まず、読み始めた瞬間から最後の1ページまで、私たち読者はドキドキさせられ続けます。上・中・下合わせて1500ページ以上ものボリュームであるにも関わらず、まったく飽きさせず、「え、もう?」というくらいあっという間に読み終わっています。時に恐怖し、時に納得し、まさに「手に汗握るストーリー」とは本書のためにある言葉といっても言い過ぎではないくらいです。筆者は、取材に4年かけたというのですから、本書の緻密さにもうなずけます。

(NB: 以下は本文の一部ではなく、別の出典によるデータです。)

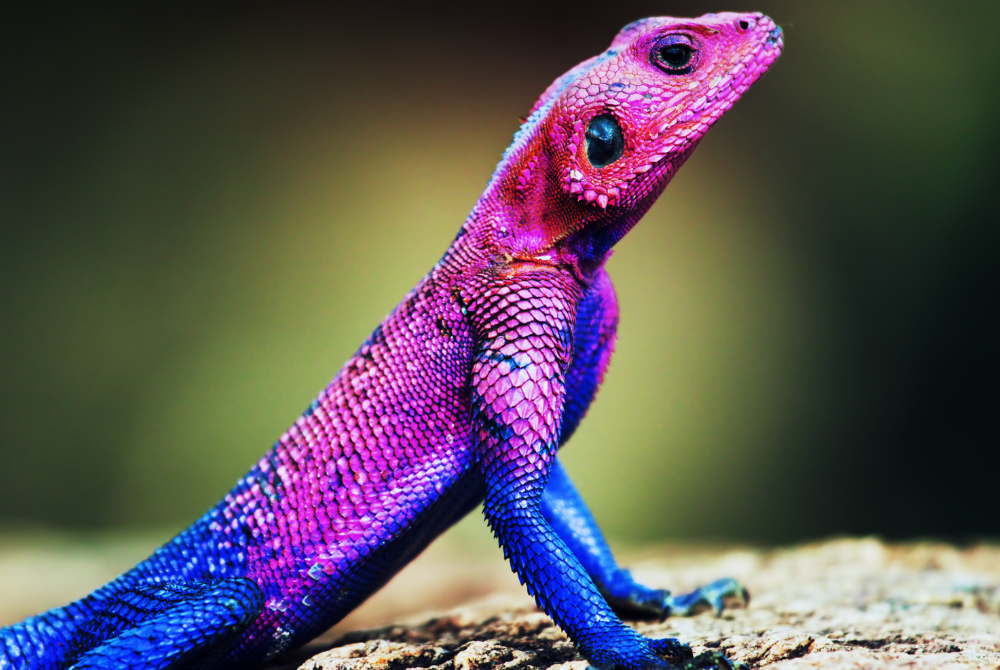 Photo for illustration purpose only. - Illustrated via Canva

しかし、ドキドキすると同時に、怖いほどの危機感も覚えます。
私たちは、日々ゴミを生産し続け、空気を汚しながら生きています。「なんとかしなくちゃ」そう後ろめたく思いながらもしかし、実行できない。危機感の中感じる、そんな「後ろめたさ」が、この小説によりいっそうのリアリティーを与えているのかもしれません。
私たちはようやく、地球が負った深い傷に「気づき」はじめました。「何かしたい、でも何をすればいいんだろう」そう考えている方は、まずは、本書を読んでみてはいかがでしょうか。